- Cover of the 1st issue

Publication information
- Publisher: Marvel Comics
- Schedule: Monthly
- Format: Limited series
- Genre: Superhero;
- Publication date: December 2006 – April 2007
- No. of issues: 5
- Main character: Doctor Strange

Creative team
- Written by: Brian K. Vaughan
- Penciller: Marcos Martin
- Inker: Alvaro Lopez
- Letterer: Willie Schubert
- Colorist: Javier Rodriguez

Collected editions
- Paperback: ISBN 978-0-7851-2211-1

= Doctor Strange: The Oath =

2007 comic book limited series

Doctor Strange: The Oath is a 2007 comic book limited series written by Brian K. Vaughan, drawn by Marcos Martin, published by Marvel Comics and starring the superhero Doctor Strange. The story follows Strange as he searches for the person who tried to kill him, while he also looks for a stolen magical elixir that will cure the terminal cancer of Wong, his faithful servant. Strange finds himself facing another disciple of the Ancient One, who has learned about the elixir and is determined to destroy it.

==Plot summary==
After Doctor Strange is shot during a burglary, Wong brings him to Night Nurse for treatment. Strange appears in his astral form and tells Night Nurse that if she did not hurry, he would be dead before Wong could finish.

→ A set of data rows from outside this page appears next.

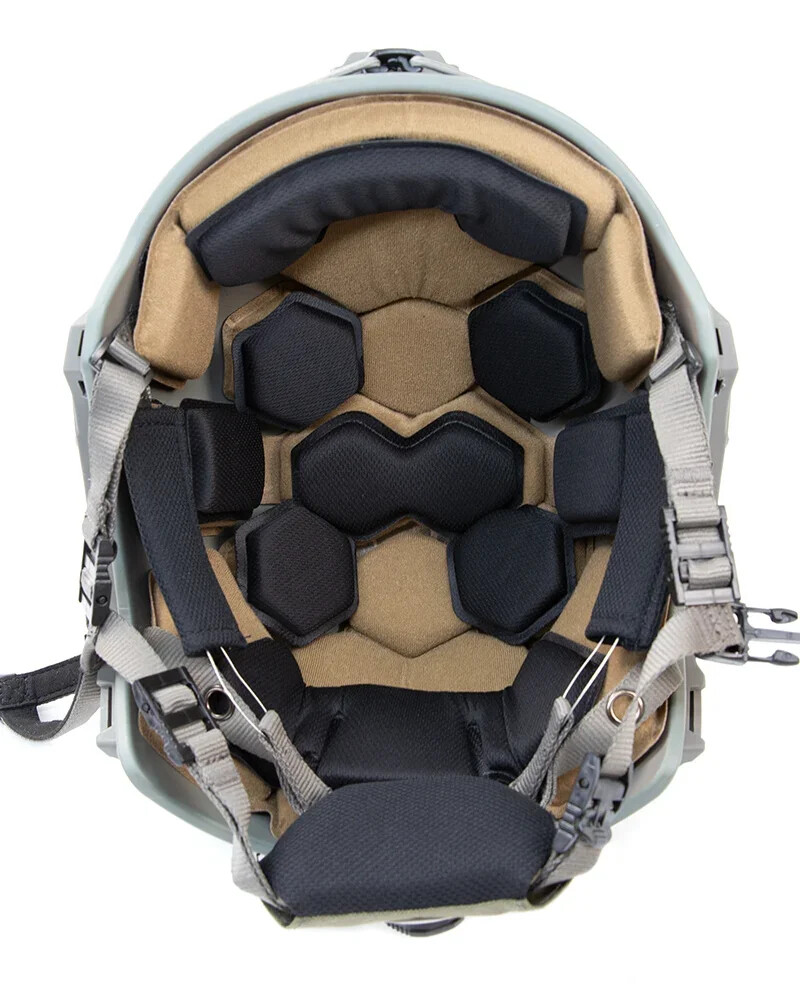 FMA Double-Layer Memory Foam Pad Sponge Removable Pad Lining for Wendy Helmet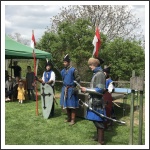 Apródavatás és mustra (fotó: "VÉRTES" Egyesület)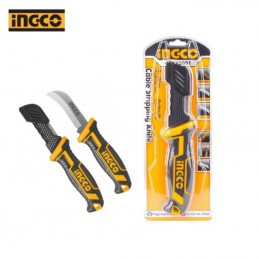CUCHILLO PELA CABLE CURVO 200 MM (HPK82001) INGCO - Precisión en Pelado de Cables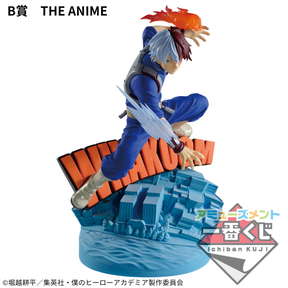 Shoto Todoroki Dioramatic Amusement Ichiban Kuji Bandai Banpresto Action Figure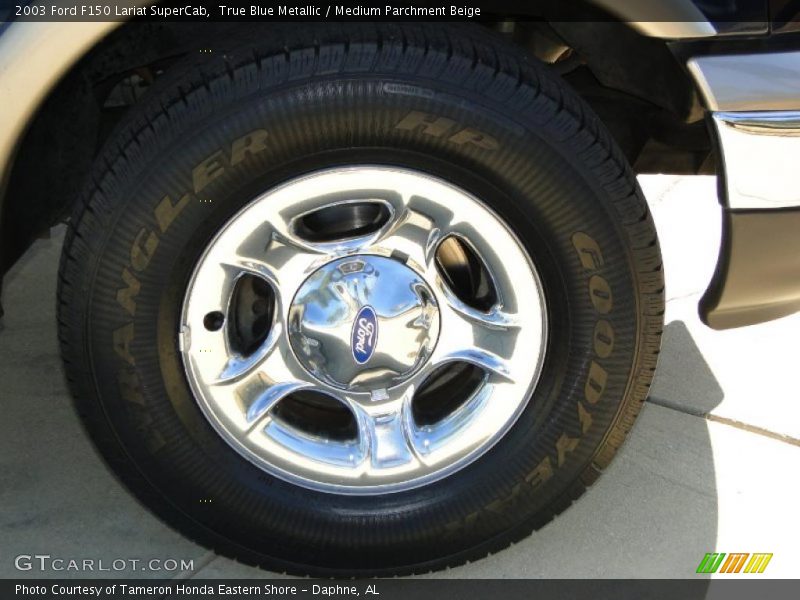  2003 F150 Lariat SuperCab Wheel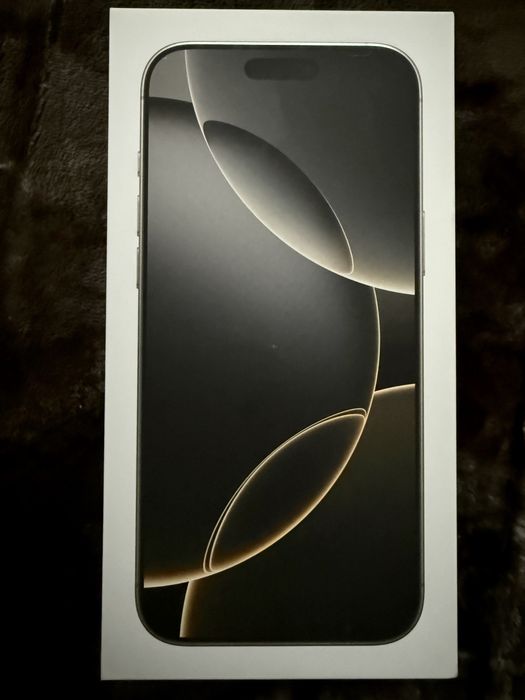 Iphone 16 Pro Max 512GB Natural Titanium NEW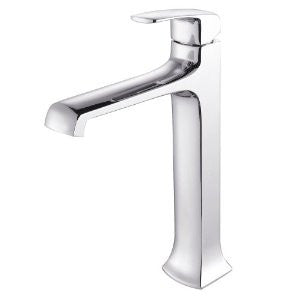 Kraus KEF-15200CH Decorum Single Lever Vessel Faucet, Chrome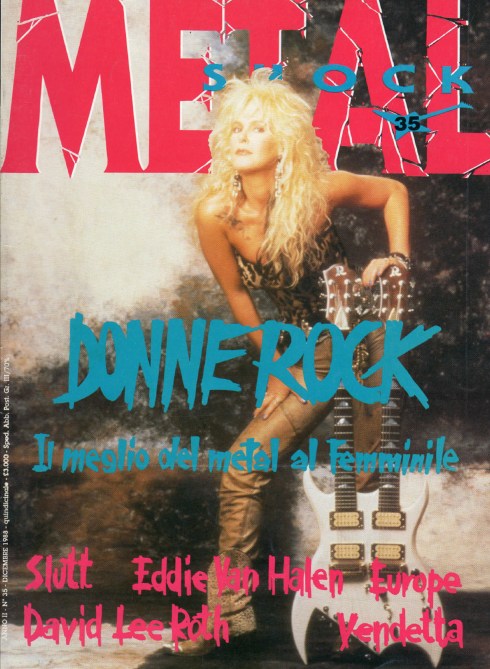 METAL SHOCK N 35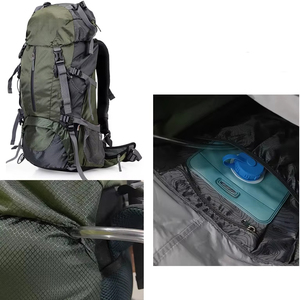 Zaino multifunzione impermeabile da trekking all'aperto per Unisex per viaggi <span class=keywords><strong>di</strong></span> arrampicata all'aperto e <span class=keywords><strong>sport</strong></span> d'<span class=keywords><strong>avventura</strong></span> - Product Image 6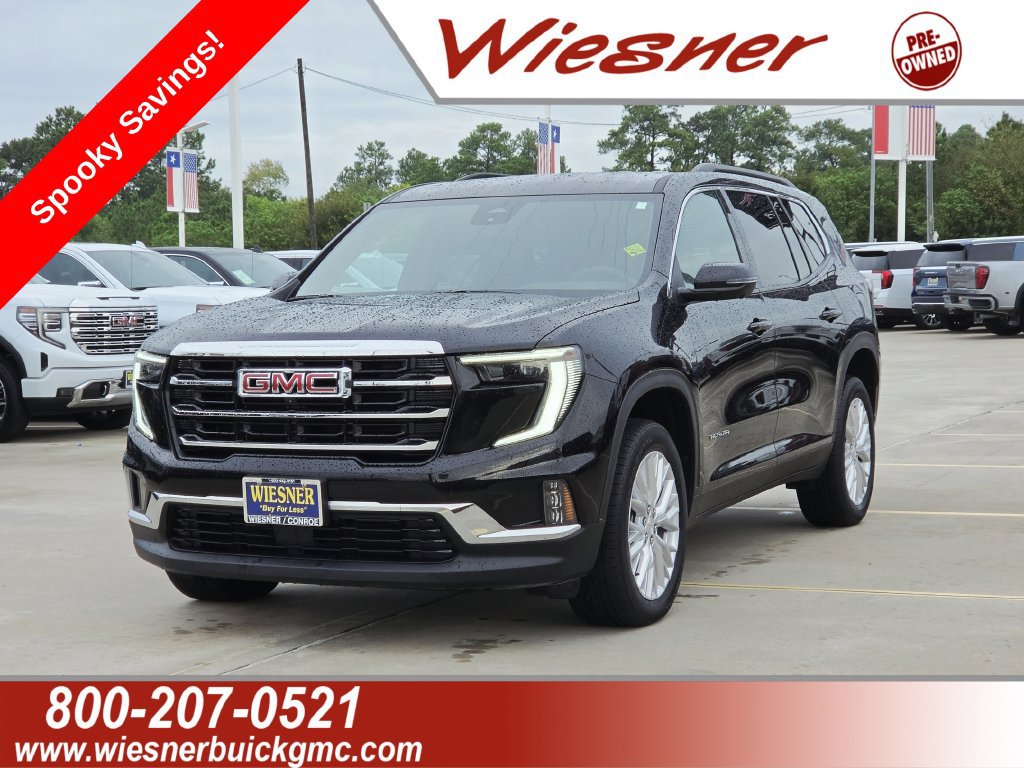 2026 GMC Acadia Elevation SUV for Sale near Houston, TX, at Wiesner Buick GMC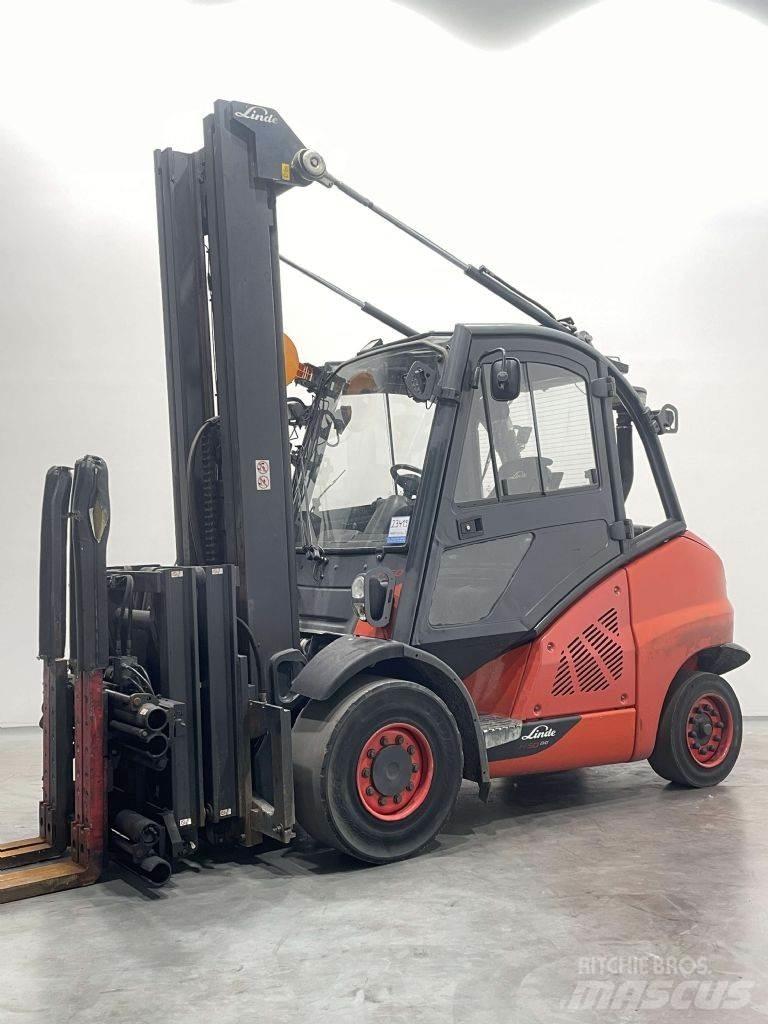 Linde H50D-02-394 Дизельні навантажувачі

Inside the office of Nicodemus West, a thief named Brigand hands him a bottle containing Otkid's Elixir and an amulet. He claims that he killed Doctor Strange during the theft and shows him a gun that fires silver bullets. West tells him should have made sure Strange was dead.

Night Nurse operates on Strange as Wong explains how the Sorcerer learned of his illness. Inside the Sanctorum, Strange accidentally found Wong's bottle of pills containing a targeting agent for brain tumors. Wong had hoped to keep his terminal cancer a secret until his replacement could be found. While seeking Otkid's Elixir to cure Wong, Strange was attacked by Brigand.

Strange takes Wong and Night Nurse to Hilt's research lab. Inside, they find the place destroyed and the sample gone. Hilt is dead, shot by the same gun that had been used on Strange. The Eye of Agamotto leads them to Brigand's hideout, where Strange forces Brigand to reveal that West was the sorcerer helping him.

Strange suggests they return to the hospice. They arrive to find a Marrrakant Hellguard blocking the entrance, which the Sorcerer destroys, before opening a portal to its summoning origin. When they walk through to West's room, he imprisons them in a holding spell, and Strange demands to know who taught him magic.

West was determined to find a way to heal Strange's hands. After locating the Ancient One, West started to learn the mystic arts, but quickly grew bored and left. When he tried using some magic on a bedridden, terminal cancer patient, the botched spell backfired, causing all the cells in the patient's body to explode. Two CEOs from Timely gave West a deal for him to track and keep users of magic in check in exchange for Timely covering up the incident.

After Strange breaks the holding spell, Wong collapses. West teleports to a bathroom, but before he can dump the elixir down the drain, Strange appears. West admits that he thinks the liquid is poison and people need cures by natural means. Strange counters by asking if things like CT scans were natural. He feels that West is scared that not all magic is harmful and the cancer patient had been killed by his incompetence as a sorcerer.

West teleports to the roof with Strange in pursuit, and they engage in a fistfight. Strange reveals his training in the martial arts and delivers several severe blows. West falls over the edge of the roof, taking the elixir with him. Strange takes the remnants of the elixir and uses it to cure Wong.